Defender has now gone and Range Rover's aspirational swagger has been masterfully played from Evoque to long-wheelbase luxury versions of the senior car. As such the supposedly standalone Discovery range had a chance to inherit the green welly end of Land Rover's customer base. And the new one is supposedly more capable off-road than ever. But compared with the blocky Discovery 3 and 4, it looks like it might baulk at crunching over a gravel driveway, let alone haul itself over a rocky mountain pass or wade through axle-deep mud.
En route to the unveiling of the new version in Paris, I saw an early Discovery 3 parked by the road, complete with its utilitarian grey plastic wheel arches and bumpers. You might not think it watching the open warfare around the Arc de Triomphe, but Parisian drivers are much smarter than their London equivalents and seem less fixated on the idea of blingy SUVs. But if I had to drive a 4x4 in traffic like that, I'd want it to be more like that Discovery 3 than the new one: the square-cut proportions are easier to place, the bigger glass area better for spotting the gaps and the unpainted bumpers appropriate for Continental style 'touch' parking.
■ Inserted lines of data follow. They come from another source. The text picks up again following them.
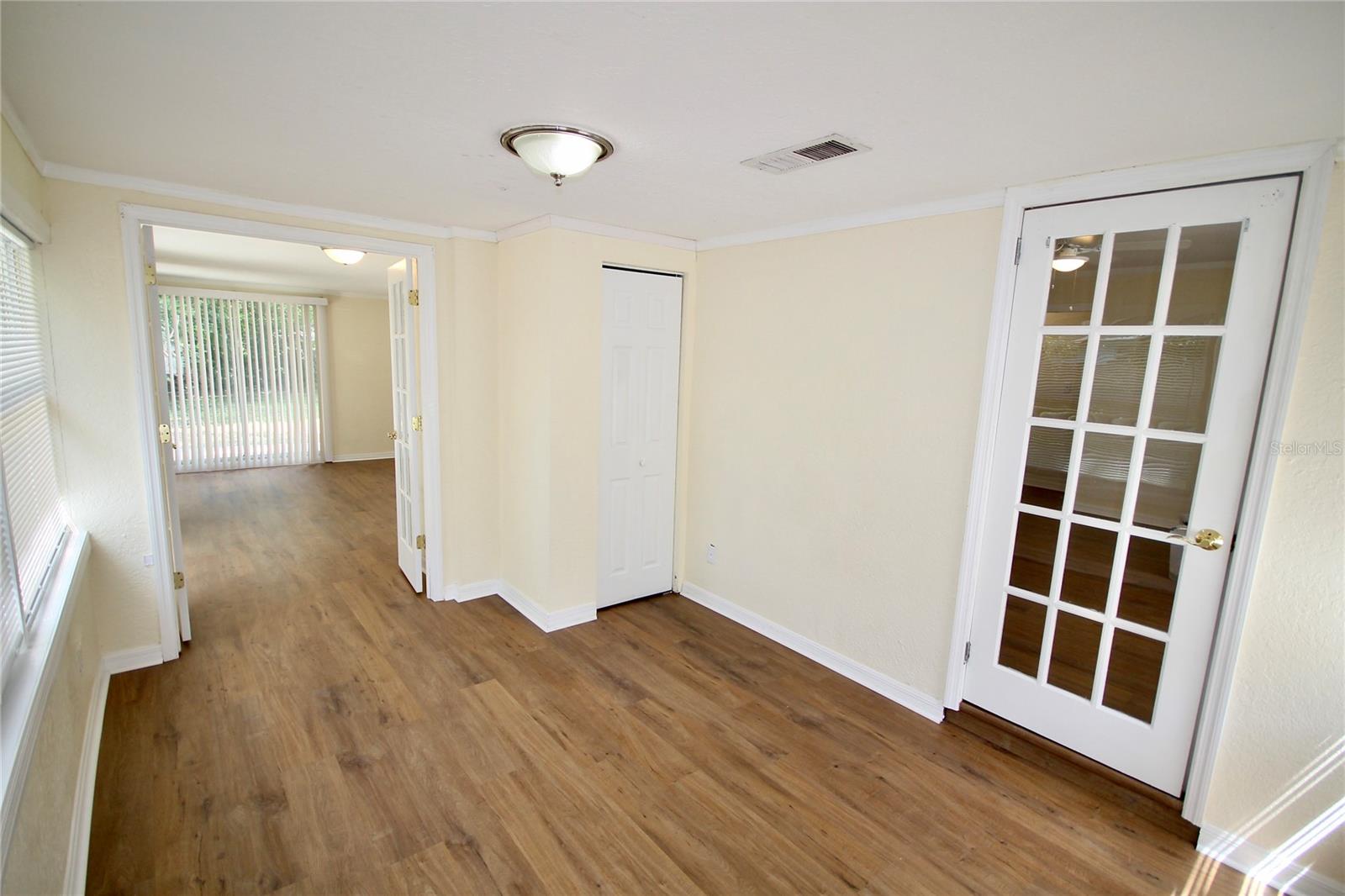 Image 22 of 25 For 1806 Cedar Avenue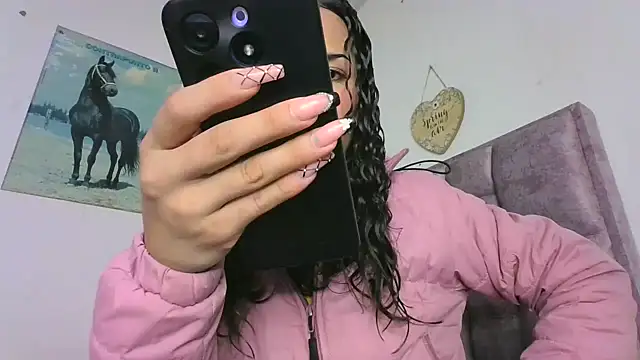 Lanna hott  online show from 11-24-25, 09:47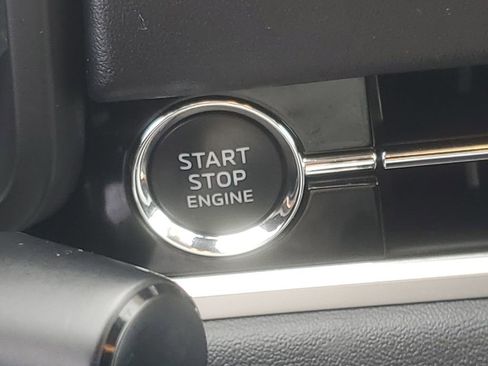 Used 2022 Mitsubishi Outlander ES FWD image 30
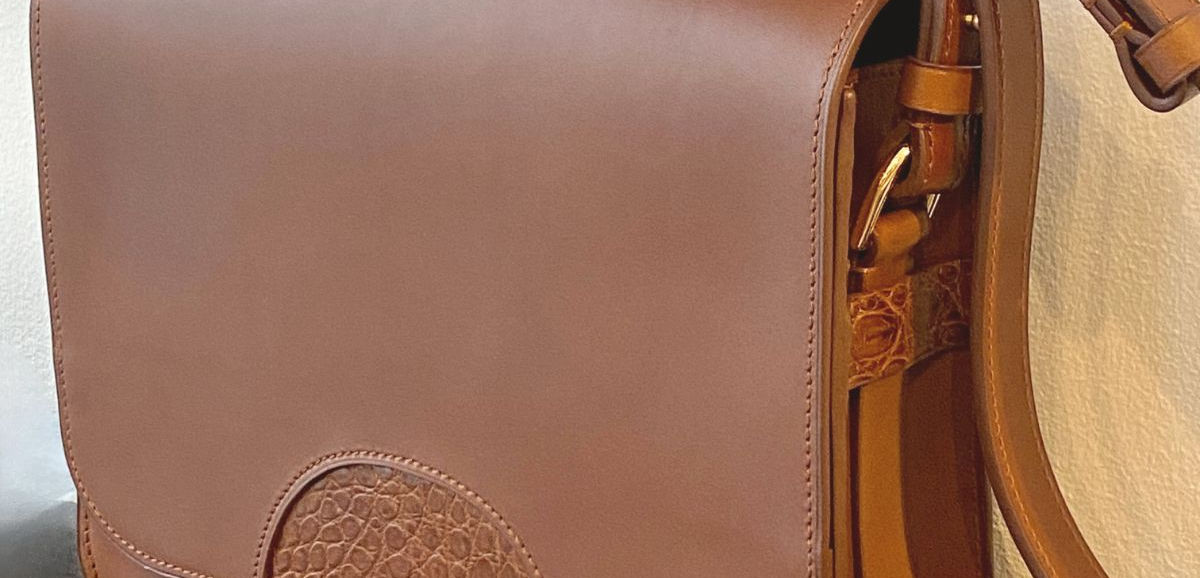 Sac bandoulière sur-mesure en cuir marron avec détail en crocodile, Atelier AMYTiS- Paris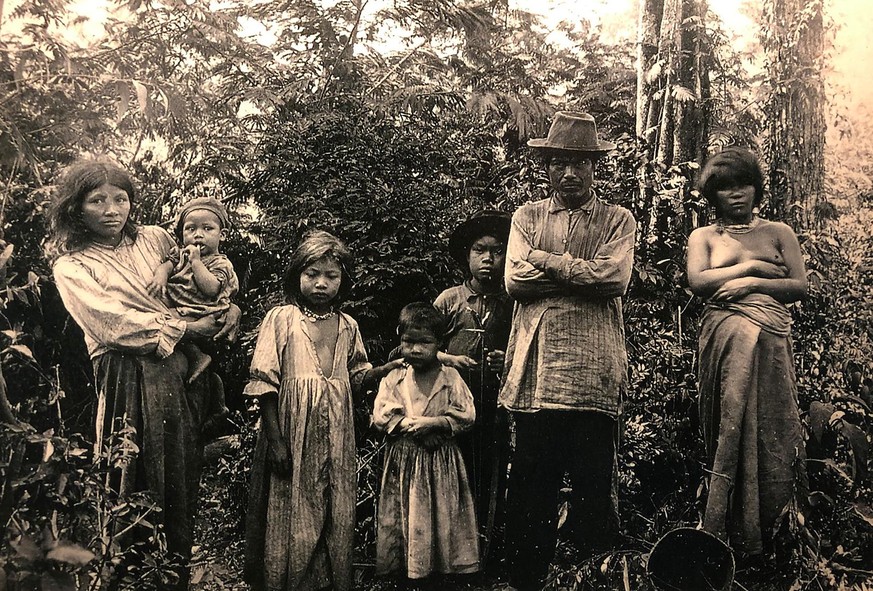 Indigene Paraguays, sog. Guaranì, um 1910. Auch den Guaranì widmete Bertoni Teile seiner Studien.
https://commons.wikimedia.org/wiki/File:Guaran%C3%AC.jpeg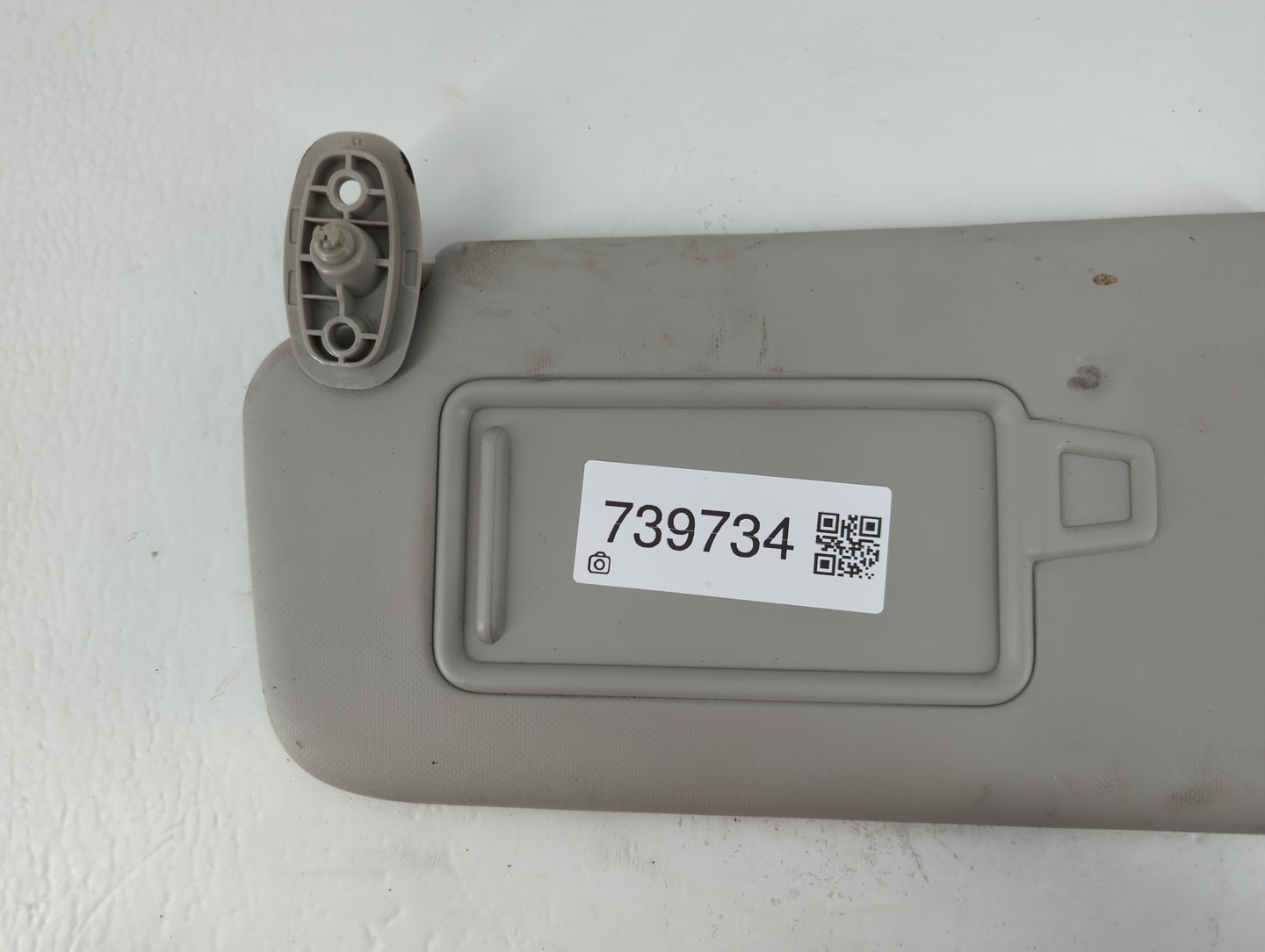 2021-2022 Kia Seltos Sun Visor Shade Replacement Driver Left Mirror Fits Fits 2021 2022 OEM Used Auto Parts - Oemusedautopar
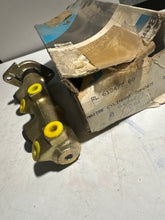 Cargar imagen en el visor de la galería, BENDIX 4601.62 Cilindro Principal De Freno
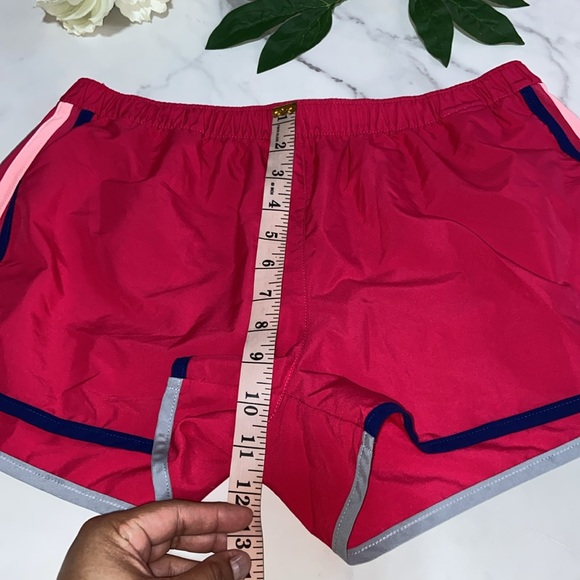 Adidas Women's AKTIV Against Cancer Shorts size Medium - Picture 6 of 16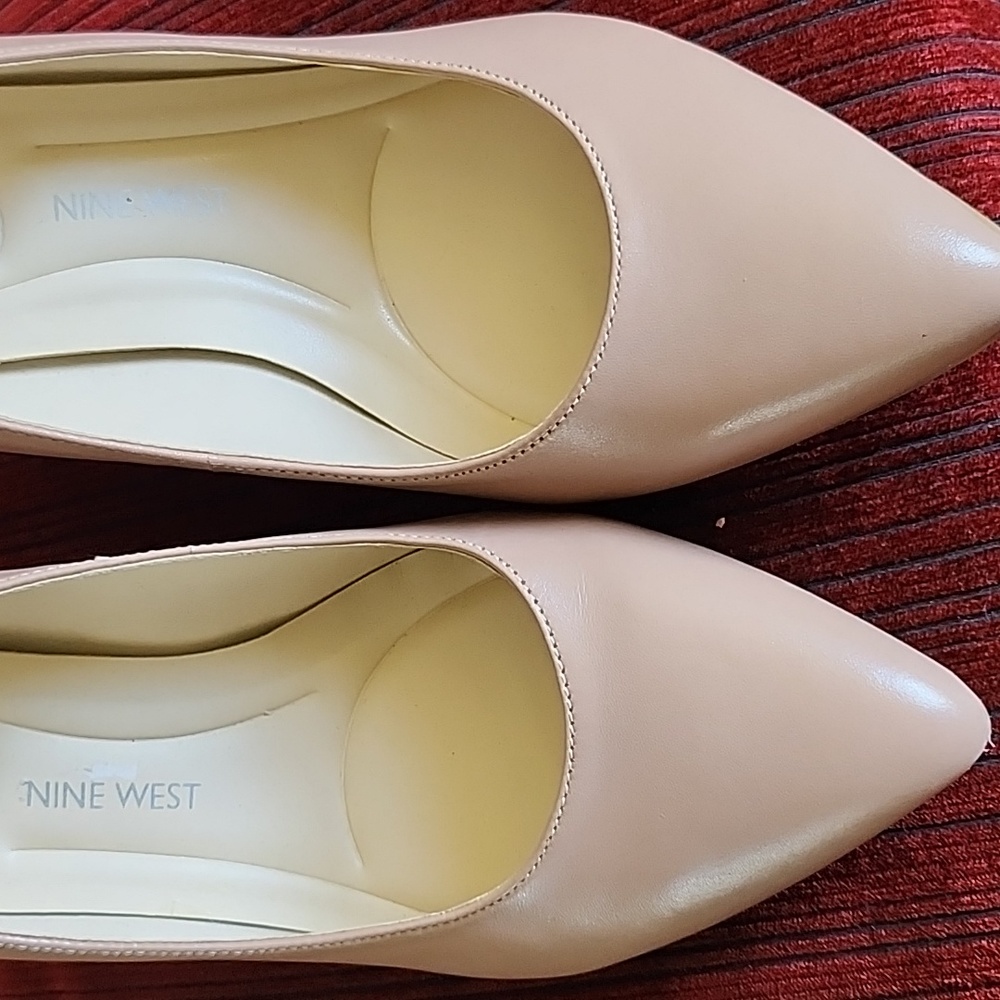 Shoes - Picture 5 of 5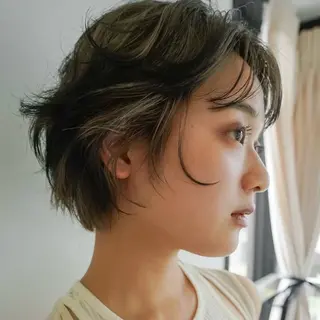 ショート レイヤーカット/栄/ 顔周り/キトウモエノのヘアスタイル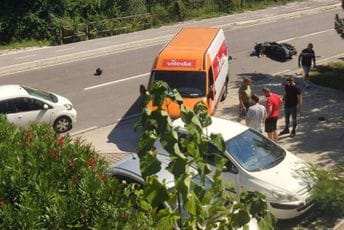 Herceg Novi: Teško povrijeđen motociklista, transportovan u risansku bolnicu Herceg Novi: Teško povrijeđen motociklista, transportovan u risansku bolnicu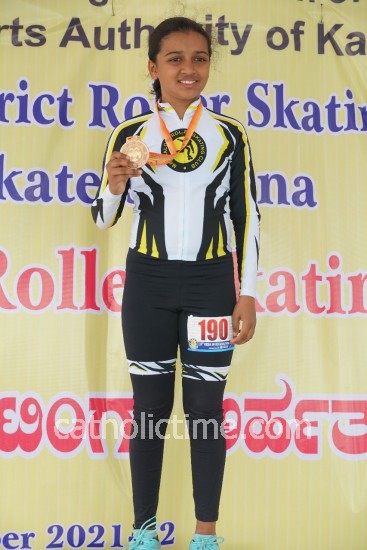 Mangaluru : Mount Carmel School Skating Star Jesnia Correa shines at ...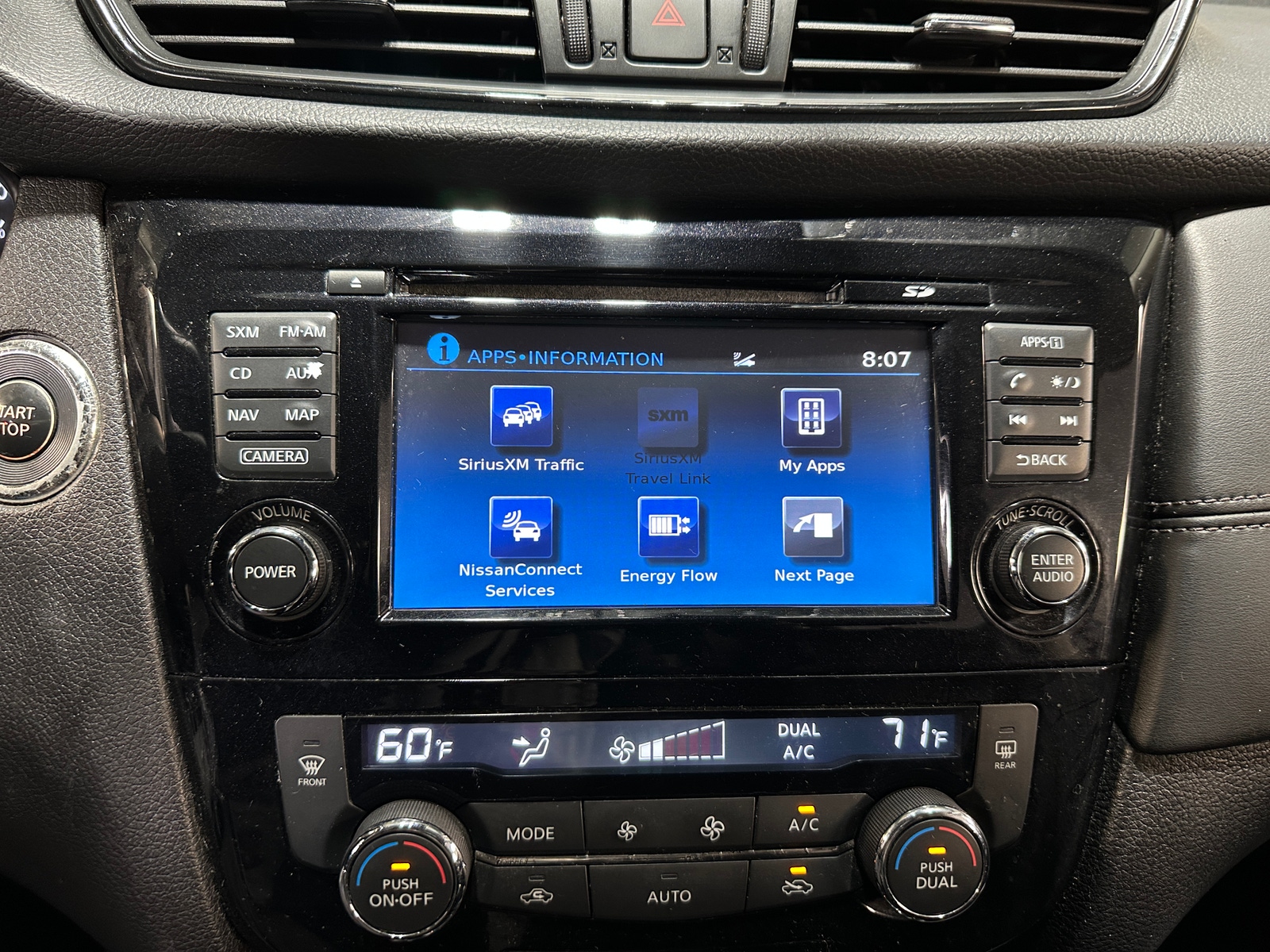 Thumbnail: 2017 Nissan Rogue - 3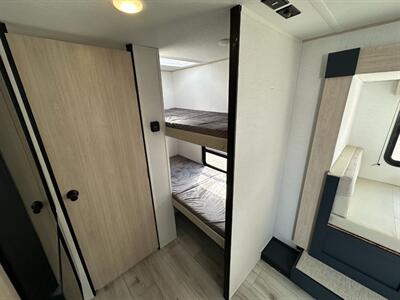 2025 Prime Time Avenger 17BHS   - Photo 15 - Goshen, IN 46526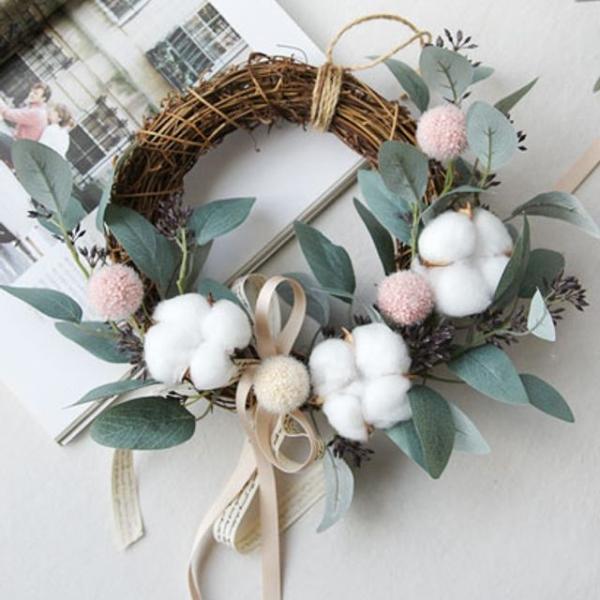 귀여운 꽃잎과 목화로 만든 폼폼 코튼 리스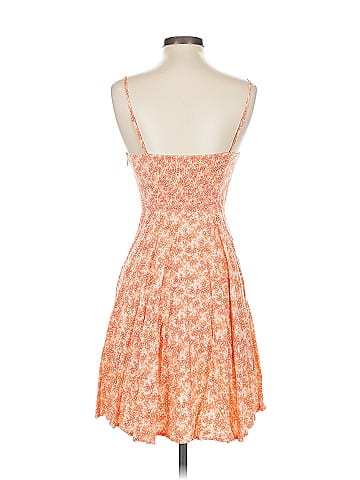 Old Navy Casual Dress (view 2)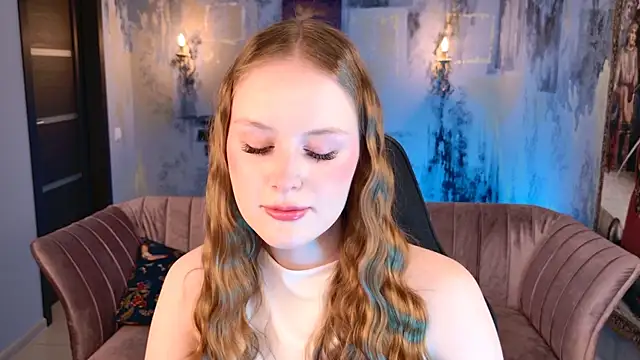 Snapshot of VivienLeeigh chatting on 11, 11, 2025 VivienLeeigh online show from 11, 11, 2025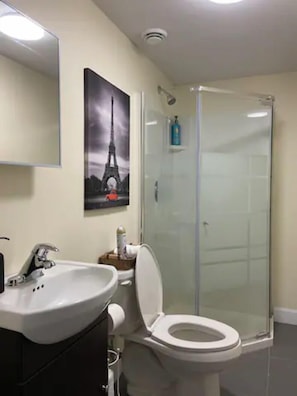 Studio Suite Tiêu chuẩn | Khu vực làm việc phù hợp cho laptop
To me, the Discovery 3's blocky looks are a masterpiece of design; it's distinctive, stylish, clear about its intentions but also deeply functional. This seems to me a very Land Rover thing. After all, from a Balmoral runabout for HRH to battered workhorse for Welsh hill farmers, the Defender was the definition of classless, no-nonsense motoring. The Discovery combined this with the kind of daily usability that's endeared it to many.